*** Opening of Listed entries ***

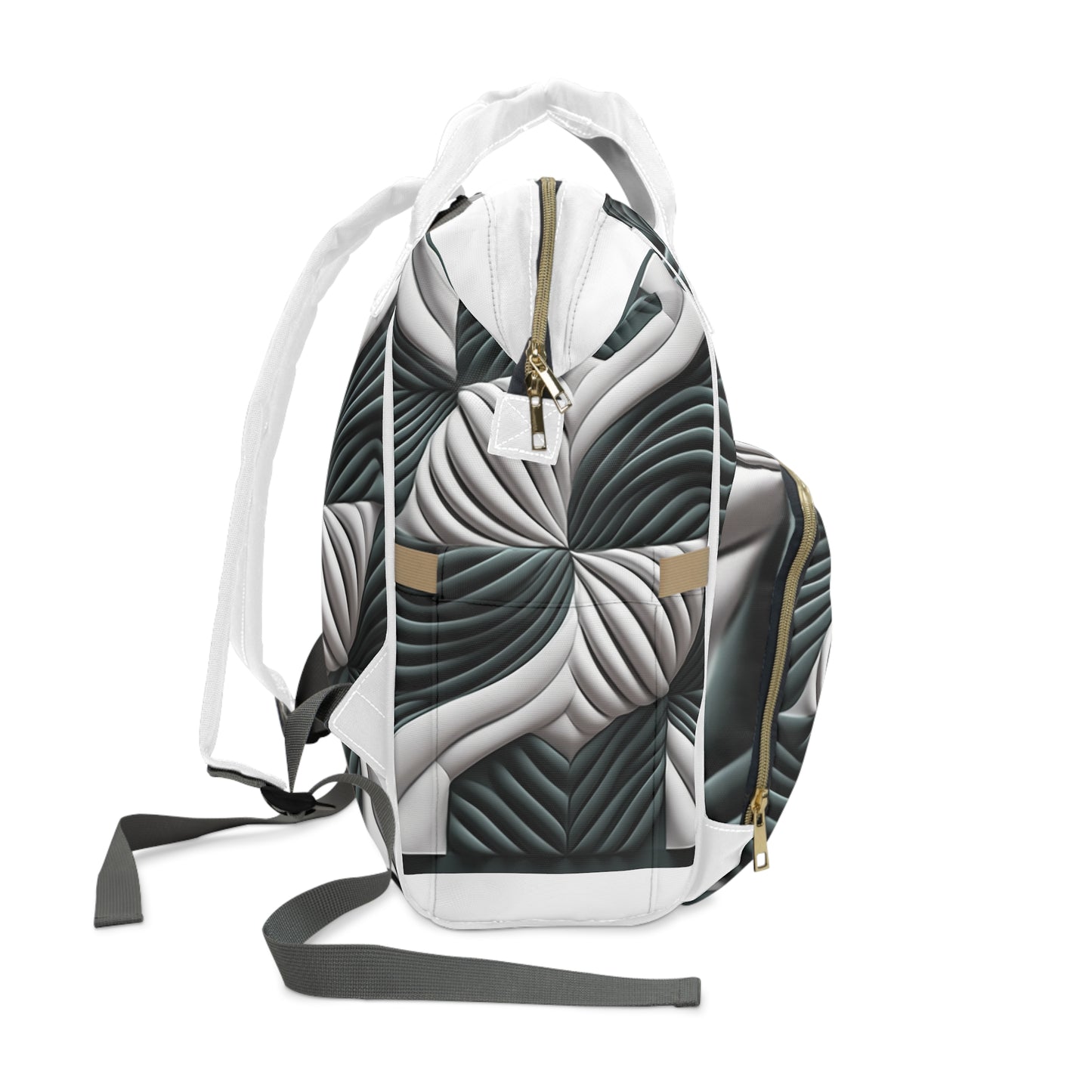 "PatternPlay Pack" - Laptop Backpack Rucksack Bag for Men Women, Water Resistant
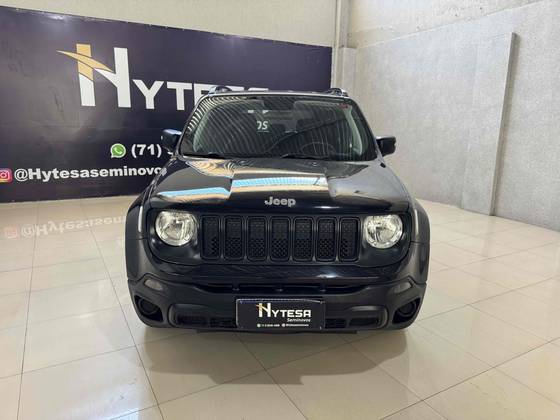 JEEP RENEGADE 1.8 16V FLEX SPORT 4P AUTOMÁTICO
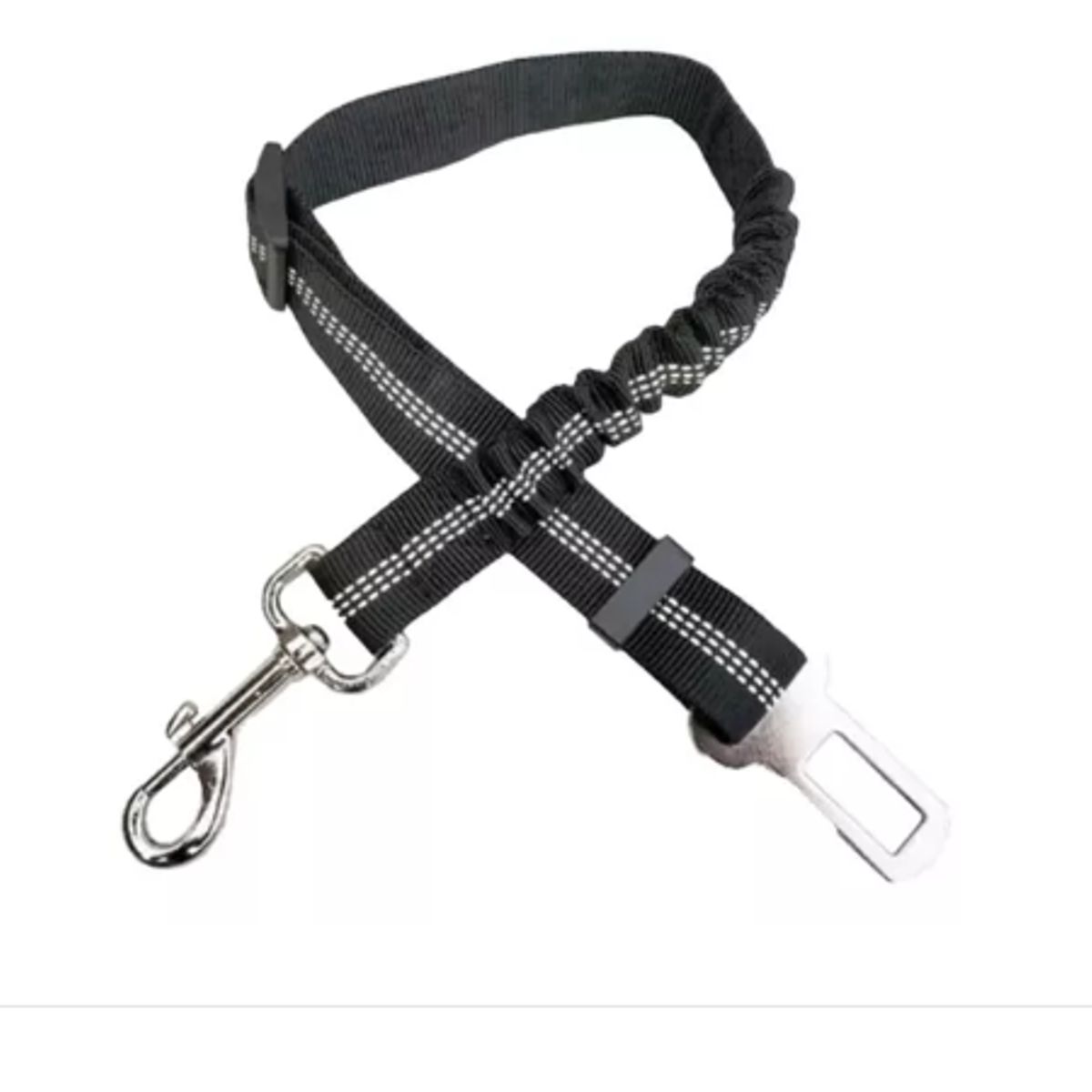GENERICO - Ajustable Cinturones De Seguridad Para Perros Coche 3-en-1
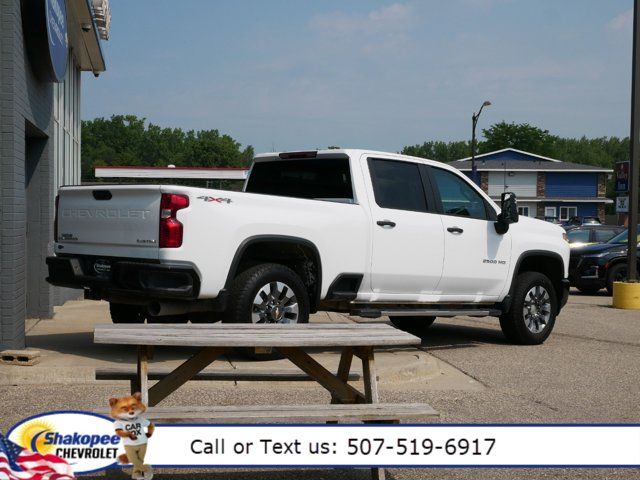 2022 Chevrolet Silverado 2500HD Custom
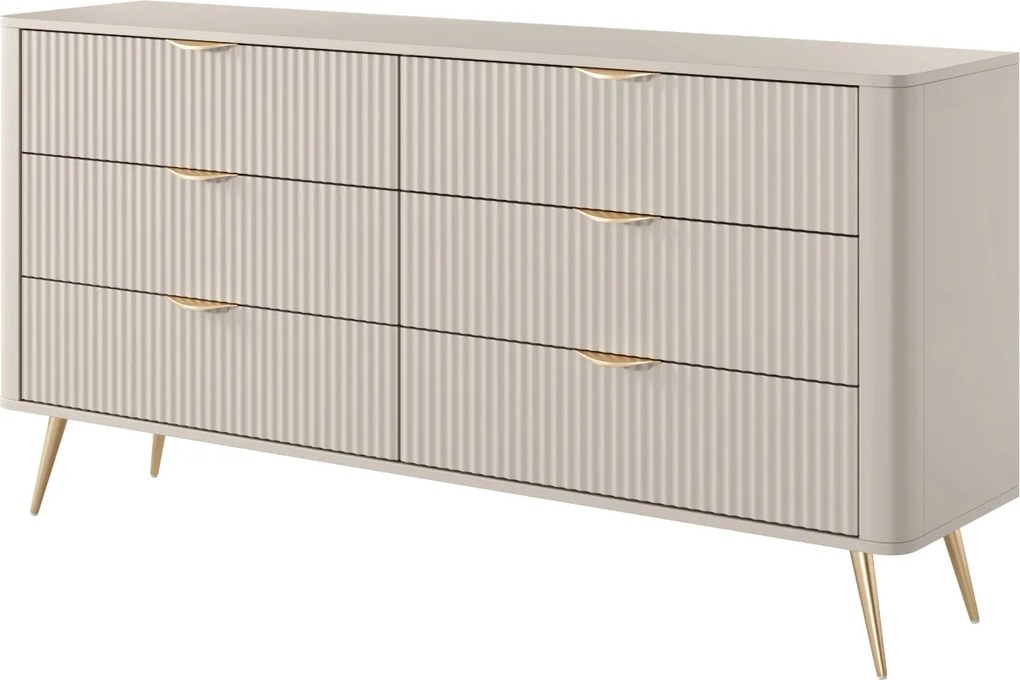KOMODA TREVISO 6S KAŠMÍR 163 cm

*** Close of Listed entries ***

→ **Work to be completed**
Could you give the listing again exactly, minus its pictures?

→ **Task answer**
 "PatternPlay Pack" - Laptop Backpack Rucksack Bag for Men Women, Water Resistant
 JEEP RENEGADE 1.8 16V FLEX SPORT 4P AUTOMÁTICO
GENERICO - Ajustable Cinturones De Seguridad Para Perros Coche 3-en-1
 2022 Chevrolet Silverado 2500HD Custom
KOMODA TREVISO 6S KAŠMÍR 163 cm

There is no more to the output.